I cannot cut myself off from the life giving roots in the Exercises. For most successful Jesuits, the Exercises have been grafted into their bones. I was not immune—it can even happen in 10 years. I have begun some reflections and writing about the real links between meditation practice and Ignatian discipline. Yes, it has to be called a discipline.
Recently I have been focusing my inner exploration on the Examen as presented in the Spiritual Exercises of Saint Ignatius. In the early 16th century, the Examen was a real breakthrough in the pedagogy of prayer. Human beings were most certainly capable of self-examination before Ignatius, and, through the ritual of confession and expiation, and Christians found inner peace and clarity in their lives. But as a method of prayer, Ignatius recommended three short periods a day to examine your inner landscape in a focused way, and then refocus according to an intention that you have set for yourself.
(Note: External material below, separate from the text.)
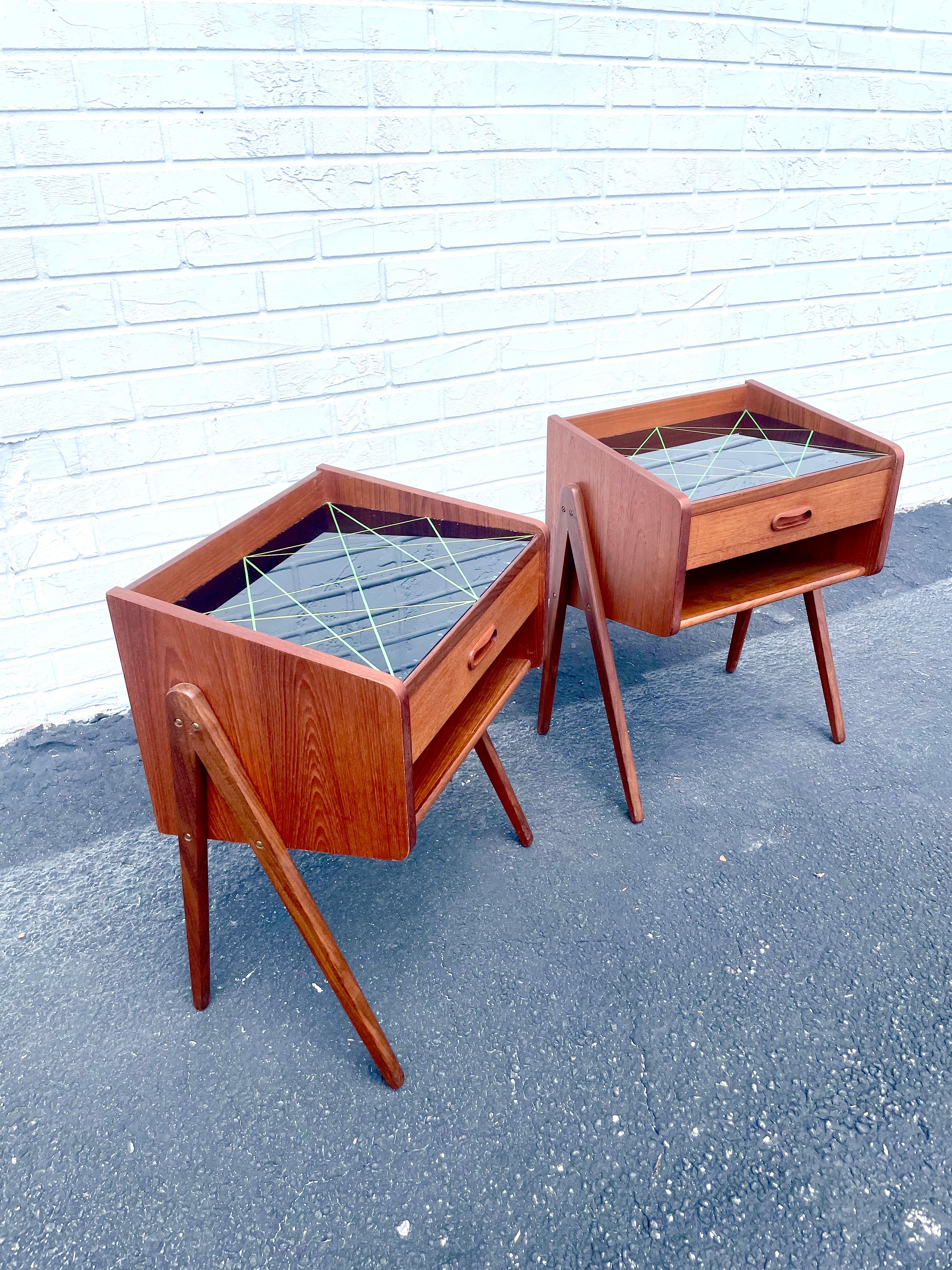 Tavolini o comodini moderni danesi. 18w 13d 23h. Piani in vetro originali.
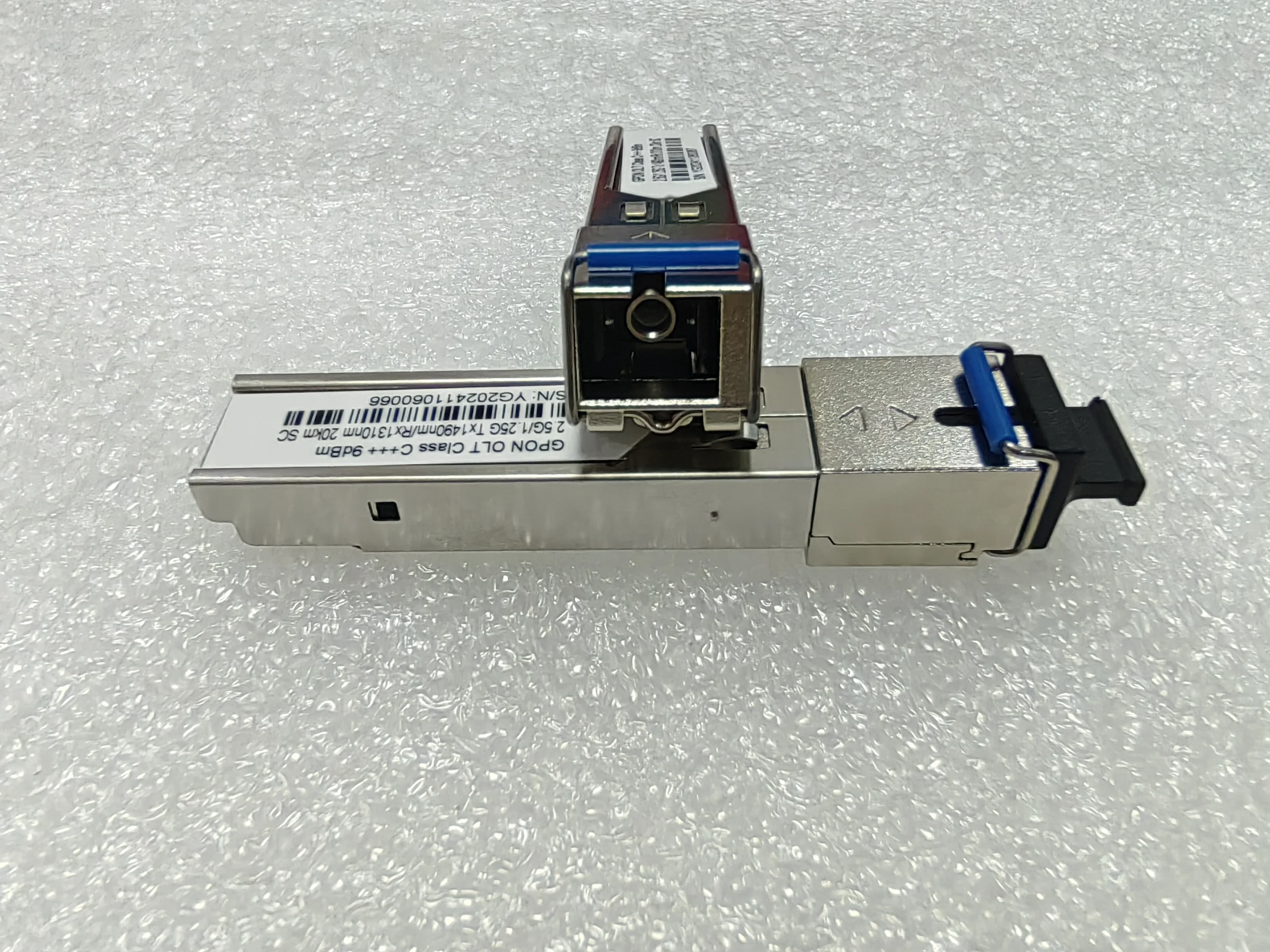 1,25 Гбитс2,5 Гбитс SFP C+++ 789 дБм SC UPC Оптический модуль PON 13101490 нм Максимальное расстояние 20 км Трансивер, с GPON OLT VSOL HIOSO (art.: 3920cd37f6e4e) - 3920cd37f6e4e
Some commentators have even credited him with starting the development of what we in the West now call the “self”–that particular set of inner motivations and proclivities that govern our lives.
Most people I speak with assume that “talking with God” is the most natural of any communication. I don’t believe this assumption is even close to the truth. For Christians it would mean that the results of Original Sin magically disappear with baptism or conversion. This is not supported by most of the evidence that we can gather from the experience of most Christian mystics, saints. It certainly flies in the face of most Eastern teachings regarding humankind’s sleeping, inattentive, deluded state.
I recently saw some clips from a TV documentary called “Camp Jesus” which focused on a fundamentalist summer camp for children. After an adult woman who was leading a prayer group made the rather startling accusation that Harry Potter should be in Hell, there was an interview with a young boy who preached and said that he regularly talked with God about his future. When the camera switched to his father's encouraging words, and I began to listen to him, an evangelical preacher, I felt that a strong, irrefutable case could be made that these “godly” conversations were nothing more than interiorization of subtle and overt parental messages, prejudices, on the same level as the ridiculous damnation of Harry Potter. The kid was destined, sadly, to be just like his dad.
Or in the words of one Jesuit master: “Our capacity to deceive ourselves is infinite!”
How do we know that our own channels are not jammed with well-intentioned instruction (at best), prejudice, obfuscation? Does God actually speak to us at all? If this is a real possibility, then perhaps practicing and working with the Examen and what Ignatius called the “Discernment of Spirits” does point to a breakthrough in prayer.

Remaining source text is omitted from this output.